**** Input data ****
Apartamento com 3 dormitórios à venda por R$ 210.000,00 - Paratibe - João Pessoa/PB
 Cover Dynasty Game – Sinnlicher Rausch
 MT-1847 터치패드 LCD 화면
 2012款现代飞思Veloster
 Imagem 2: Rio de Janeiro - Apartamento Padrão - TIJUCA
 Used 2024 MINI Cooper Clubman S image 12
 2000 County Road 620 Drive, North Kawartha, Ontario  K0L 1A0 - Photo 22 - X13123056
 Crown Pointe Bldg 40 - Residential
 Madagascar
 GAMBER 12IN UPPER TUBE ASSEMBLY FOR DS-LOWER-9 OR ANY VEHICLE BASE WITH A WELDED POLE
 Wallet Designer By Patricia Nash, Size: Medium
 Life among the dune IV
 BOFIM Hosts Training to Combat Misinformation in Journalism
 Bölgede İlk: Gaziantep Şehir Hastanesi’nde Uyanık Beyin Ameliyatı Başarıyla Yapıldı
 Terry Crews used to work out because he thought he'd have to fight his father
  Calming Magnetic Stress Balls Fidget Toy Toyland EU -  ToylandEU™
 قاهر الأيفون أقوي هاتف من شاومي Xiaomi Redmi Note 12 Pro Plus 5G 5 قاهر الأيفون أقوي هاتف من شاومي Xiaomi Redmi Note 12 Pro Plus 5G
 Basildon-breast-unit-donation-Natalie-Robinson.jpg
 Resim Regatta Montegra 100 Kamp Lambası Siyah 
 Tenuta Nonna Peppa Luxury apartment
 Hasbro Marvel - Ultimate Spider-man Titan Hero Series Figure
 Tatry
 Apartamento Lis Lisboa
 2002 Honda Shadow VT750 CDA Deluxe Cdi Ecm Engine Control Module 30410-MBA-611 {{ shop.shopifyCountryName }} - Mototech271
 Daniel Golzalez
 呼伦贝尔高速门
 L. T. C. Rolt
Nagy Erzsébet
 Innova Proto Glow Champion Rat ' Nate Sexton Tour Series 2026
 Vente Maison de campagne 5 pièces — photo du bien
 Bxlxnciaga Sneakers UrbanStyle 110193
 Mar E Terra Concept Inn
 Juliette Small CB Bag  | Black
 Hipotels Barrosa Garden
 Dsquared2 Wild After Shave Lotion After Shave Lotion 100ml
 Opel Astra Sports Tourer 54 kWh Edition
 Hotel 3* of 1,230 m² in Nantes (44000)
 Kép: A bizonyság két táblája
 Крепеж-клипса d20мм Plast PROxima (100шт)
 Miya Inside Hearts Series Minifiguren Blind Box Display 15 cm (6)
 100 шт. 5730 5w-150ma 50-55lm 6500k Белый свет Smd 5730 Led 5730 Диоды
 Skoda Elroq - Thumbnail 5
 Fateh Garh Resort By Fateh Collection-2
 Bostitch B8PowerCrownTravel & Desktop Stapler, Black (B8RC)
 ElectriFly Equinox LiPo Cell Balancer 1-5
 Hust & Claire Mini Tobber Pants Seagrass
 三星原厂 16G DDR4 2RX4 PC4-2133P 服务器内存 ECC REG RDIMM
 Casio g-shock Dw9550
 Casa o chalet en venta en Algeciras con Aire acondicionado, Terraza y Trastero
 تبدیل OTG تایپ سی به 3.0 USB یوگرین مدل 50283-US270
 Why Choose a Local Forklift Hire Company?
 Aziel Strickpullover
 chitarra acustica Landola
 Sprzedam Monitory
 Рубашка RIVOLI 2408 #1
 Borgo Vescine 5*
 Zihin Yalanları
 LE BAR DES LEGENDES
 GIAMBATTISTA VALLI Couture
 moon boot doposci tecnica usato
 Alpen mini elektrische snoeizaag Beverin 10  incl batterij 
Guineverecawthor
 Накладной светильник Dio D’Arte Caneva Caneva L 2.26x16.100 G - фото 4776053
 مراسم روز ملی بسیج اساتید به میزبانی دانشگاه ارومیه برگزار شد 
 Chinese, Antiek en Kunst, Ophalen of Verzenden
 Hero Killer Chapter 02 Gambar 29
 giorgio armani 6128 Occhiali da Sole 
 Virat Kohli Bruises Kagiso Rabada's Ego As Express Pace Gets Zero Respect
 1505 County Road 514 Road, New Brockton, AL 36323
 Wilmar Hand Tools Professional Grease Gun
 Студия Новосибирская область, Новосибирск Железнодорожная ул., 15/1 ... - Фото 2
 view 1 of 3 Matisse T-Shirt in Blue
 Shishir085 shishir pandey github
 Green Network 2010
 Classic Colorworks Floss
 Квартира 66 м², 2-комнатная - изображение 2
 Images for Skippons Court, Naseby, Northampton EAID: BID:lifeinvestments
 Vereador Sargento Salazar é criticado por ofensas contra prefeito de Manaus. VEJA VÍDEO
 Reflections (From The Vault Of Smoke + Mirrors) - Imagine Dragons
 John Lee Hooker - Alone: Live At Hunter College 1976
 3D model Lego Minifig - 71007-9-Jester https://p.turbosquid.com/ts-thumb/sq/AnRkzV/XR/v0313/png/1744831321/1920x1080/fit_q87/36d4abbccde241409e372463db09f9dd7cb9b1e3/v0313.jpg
****
The problem: Give nothing except how many lines of the records include "Series".

Response to the task: 3